Emma González and many of her comrades have embarked on a passionate and wise campaign to reform gun laws in the U.S. They were responsible for organizing one of the largest marches in U.S. history, the “March for Our Lives,” on March 24, 2018 in Washington DC. It was too big for a march, in the same way the Women’s March of 2017 was too big. People were crowded together in the allotted space and we couldn’t move from one point to another as a group. We stayed put and it was rivetting to watch these young people (all young people!) perform their conviction and trauma on stage and screen.

Many Parkland students and young guests spoke well. Emma González was stunning because she held a silence after her short speech, so that her time on stage aligned with the time it took for the murderer to end the lives of 17 people and injure 14 others: approximately six minutes and 20 seconds.

To recap the context:
From Wikipedia and http://time.com/5160267/gun-used-florida-school-shooting-ar-15/
On February 14, 2018, from 2:21pm to 2:27pm, 19-year-old Nikolas Jacob Cruz murdered seventeen people at Marjory Stoneman Douglas High School in Parkland, Florida. Fourteen more were injured. He used a legally bought AR-15 semi-automatic style weapon during the massacre, law enforcement officials told the Associated Press. The highly deadly military-inspired rifle has been the weapon used by several mass shooters. The AR-15 was most notably used during the 2012 shooting at Sandy Hook Elementary School in Newtown, Conn. that claimed 27 lives, including that of the shooter. AR-15-style rifles have been used in recent mass shootings in Aurora, Colo.; Santa Monica and San Bernardino, Calif.
The AR-15 was classified as an “assault-style” weapon and outlawed under the assault weapons ban that lapsed in 2004.

About González’s silence:

From https://www.motherjones.com/politics/2018/03/emma-gonzalez-is-responsible-for-the-loudest-silence-in-the-history-of-us-social-protest/
by Ari Berman

“Six minutes and about 20 seconds. In a little over six minutes, 17 of our friends were taken from us.” That’s how Emma Gonzalez, a senior at Marjory Stoneman Douglas High School and one of the organizers of the March for Our Lives, began her remarkable speech on Saturday afternoon at the rally in Washington, DC.
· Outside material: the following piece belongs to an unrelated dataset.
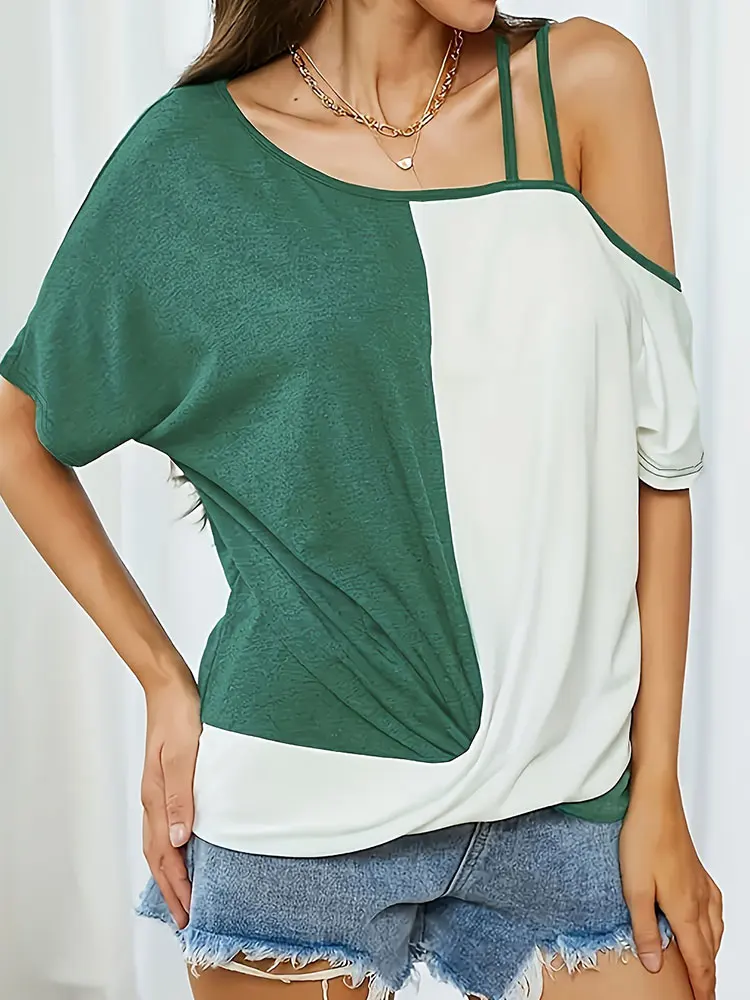 Grand T-shirt tricoté décontracté pour femmes, confortable, coupe ample, col rond, manches courtes, pour dames de grande taille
After reading the names of her classmates who were killed in the mass shooting, Gonzalez stood at the podium in silence for six minutes, fighting back tears. It was an incredible, chilling moment. All of the major cable networks carried it live. “Loudest silence in the history of US social protest,” my colleague David Corn tweeted.

“Never again,” many in the crowd of 500,000 chanted in response. After her timer went off, Gonzalez said, “since the time when I came out here, it has been six minutes and twenty seconds. The shooter has ceased shooting and will soon abandon his rifle, blend in with the students as they escape, and walk free for an hour before arrest,” she said. “Fight for your lives before it’s someone else’s job.” And then she left the stage.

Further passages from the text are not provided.